* **Assigned task**
Exact copy, no pictures: return only the lines below from the line with "Hi, welcome to" up to and including the line with "It is all for this face milling operation.".

* **Material to process**
*** Block opens ***
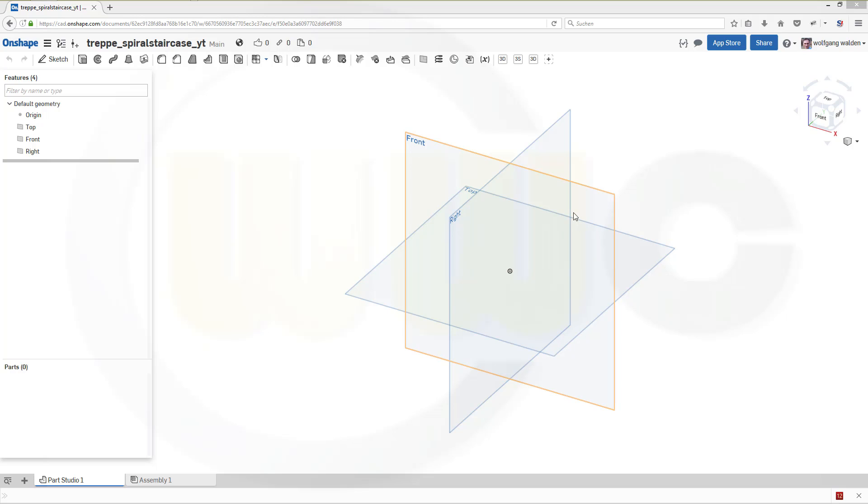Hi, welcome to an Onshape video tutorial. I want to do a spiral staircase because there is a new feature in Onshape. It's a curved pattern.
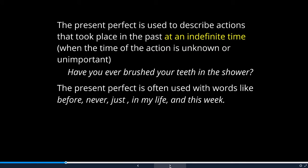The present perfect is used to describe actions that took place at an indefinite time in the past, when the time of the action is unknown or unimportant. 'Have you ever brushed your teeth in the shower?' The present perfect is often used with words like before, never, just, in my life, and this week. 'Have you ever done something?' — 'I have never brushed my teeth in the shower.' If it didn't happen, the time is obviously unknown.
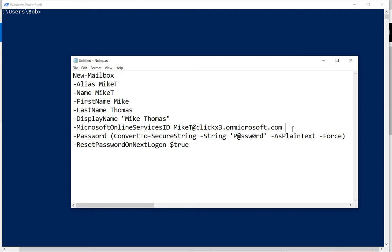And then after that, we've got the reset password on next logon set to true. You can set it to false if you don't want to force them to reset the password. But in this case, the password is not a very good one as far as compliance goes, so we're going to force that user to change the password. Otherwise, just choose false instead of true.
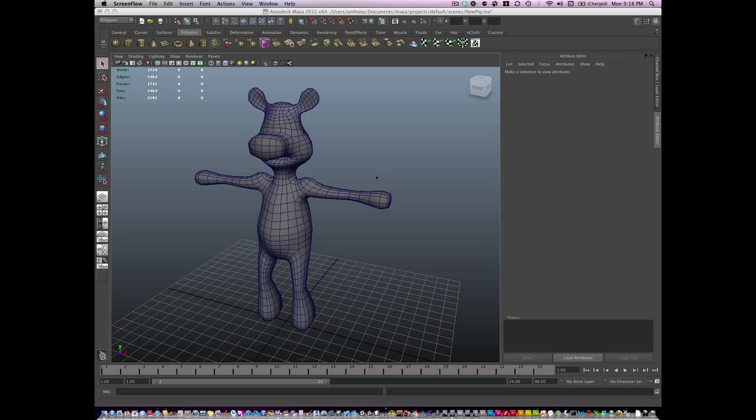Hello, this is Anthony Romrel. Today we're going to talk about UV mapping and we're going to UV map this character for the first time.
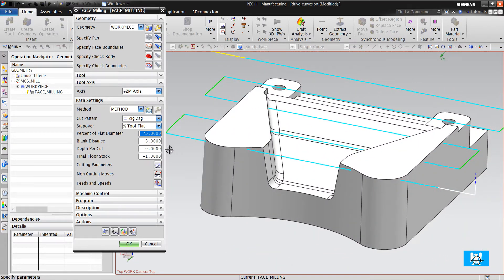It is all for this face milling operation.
*** Block closes ***
*** Block opens ***
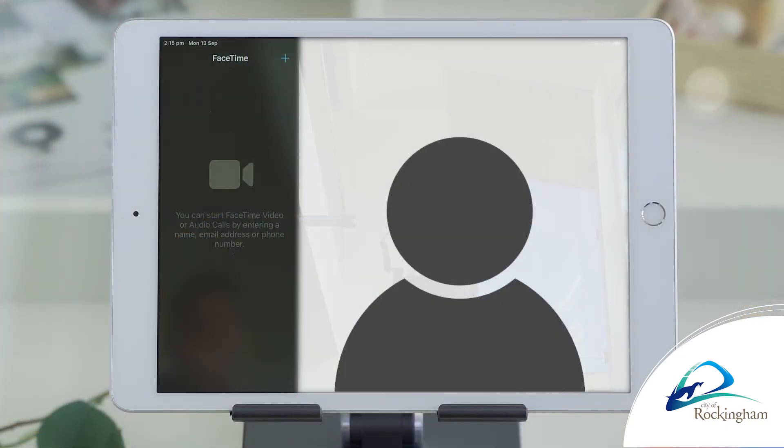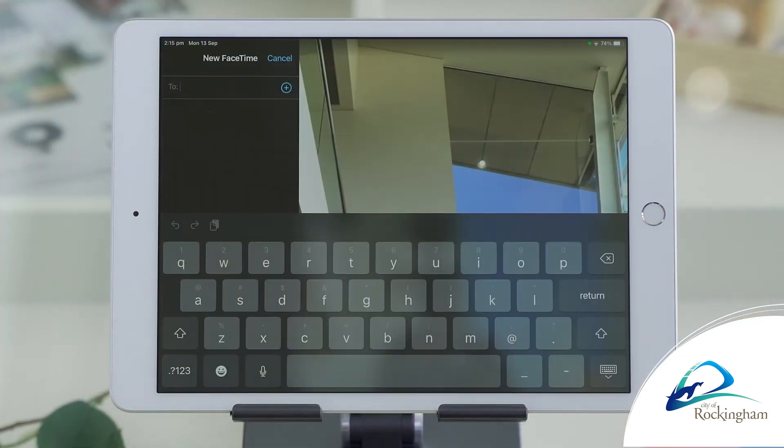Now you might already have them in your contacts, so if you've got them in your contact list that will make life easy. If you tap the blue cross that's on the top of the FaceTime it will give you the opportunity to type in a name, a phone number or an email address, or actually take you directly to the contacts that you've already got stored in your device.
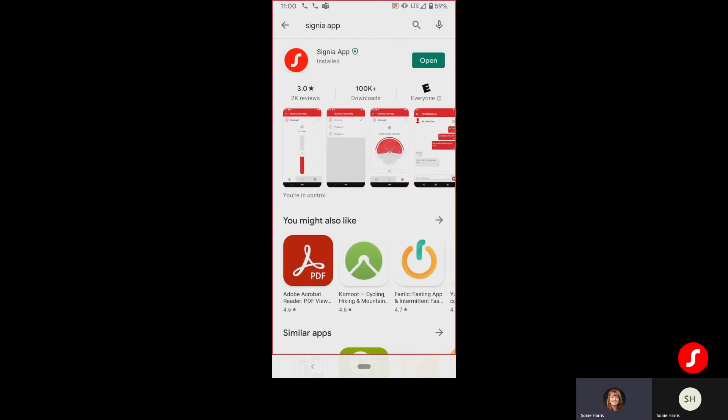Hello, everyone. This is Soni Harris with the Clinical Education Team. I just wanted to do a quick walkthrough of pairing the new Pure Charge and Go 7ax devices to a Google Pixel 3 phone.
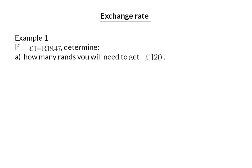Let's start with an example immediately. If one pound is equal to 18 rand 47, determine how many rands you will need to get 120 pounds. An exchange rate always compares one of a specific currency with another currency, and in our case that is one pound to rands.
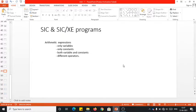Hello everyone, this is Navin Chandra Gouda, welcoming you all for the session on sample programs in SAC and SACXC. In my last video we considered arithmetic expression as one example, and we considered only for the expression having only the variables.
*** Block closes ***
* **Exercise response**
Hi, welcome to an Onshape video tutorial. I want to do a spiral staircase because there is a new feature in Onshape. It's a curved pattern.
The present perfect is used to describe actions that took place at an indefinite time in the past, when the time of the action is unknown or unimportant. 'Have you ever brushed your teeth in the shower?' The present perfect is often used with words like before, never, just, in my life, and this week. 'Have you ever done something?' — 'I have never brushed my teeth in the shower.' If it didn't happen, the time is obviously unknown.
And then after that, we've got the reset password on next logon set to true. You can set it to false if you don't want to force them to reset the password. But in this case, the password is not a very good one as far as compliance goes, so we're going to force that user to change the password. Otherwise, just choose false instead of true.
Hello, this is Anthony Romrel. Today we're going to talk about UV mapping and we're going to UV map this character for the first time.
It is all for this face milling operation.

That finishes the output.